例えば、心因性の眩暈発作に襲われ得た時、Siユーザーはその感覚をありのままに感じ、細部を記憶する。そこで起きた感覚が全てであり、知覚は感覚を捉える以上のことはしない。
対してNiユーザーは、刺激をきっかけとして捉え、そこから派生するイメージに固執する。

ここでは、その個人に「心臓を矢で射抜かれてよろめいている男のイメージ」が浮かんだとしよう。
直観はこのイメージに対して、あらゆる細部を探索しようと試みる。
Niユーザーは、こうしたイメージが生まれ、変化・発展し、ついには消失していく様を詳細に知覚する。

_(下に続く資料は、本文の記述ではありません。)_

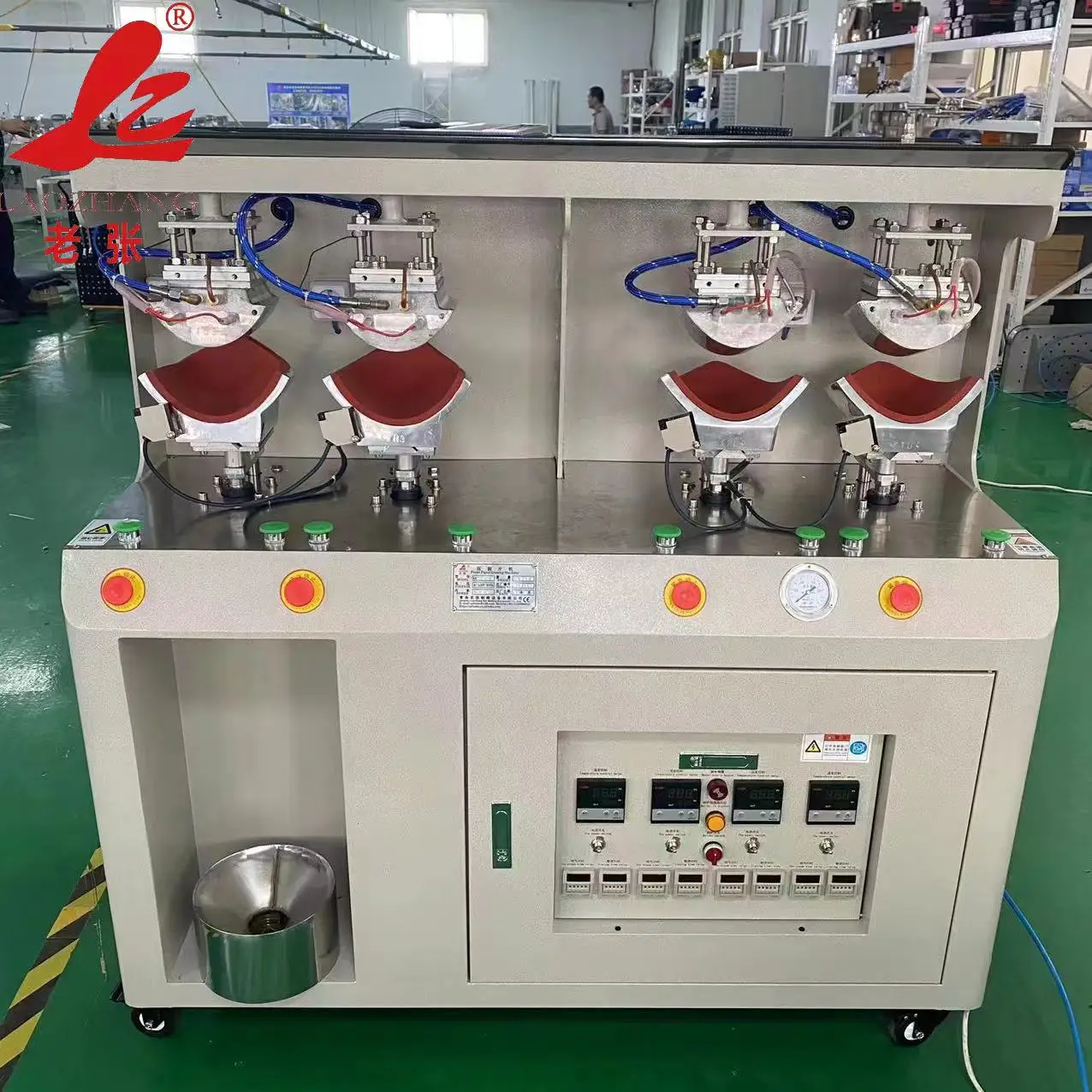 Iron Cap Machine Aluminum Head Baseball Cap Making Ironing Machine Single End| Alibaba.com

このことから、Niユーザーは自身の内部に呼び起こされたイメージ、
ー無意識や集合的無意識から生まれるイメージー
に対して、詳細な観察が可能であり、
その結果、内的なイメージが外部の客体(外の世界のあれこれ)よりも重要であると感じる人たち、ということになるだろう。


Niと反発する機能(劣等機能Se)

Niをより詳細に理解するために、劣等機能Seとの関連を探っていきたい。

この直観は感覚の協力を撥ねつけてしまうため、神経刺激伝達の障害・無意識的なイメージが及ぼす身体への影響・をまったく、ないし不十分にしか認識できない。このため、そのイメージは主体から切り離され、本人とは何の関係もなくそれ自体で存在しているように思われてしまう。

タイプ論 - C.G. ユング (著), 林 道義 (翻訳)

上記について簡単にまとめると以下のようになる。

Niユーザーは内的なイメージを参照する過程の中で、Seを抑圧する。
よって、そのイメージは自身と客体の関係や客体の持つ具体性から離れることになる。
先ほどの心因性の発作で言うと、内的イメージ参照の過程において、
この現象(発作)は具体的客観性や関連性を欠いたものとして捉えられ、本人とは関係なくそれ自体で存在しているように感じられるのである。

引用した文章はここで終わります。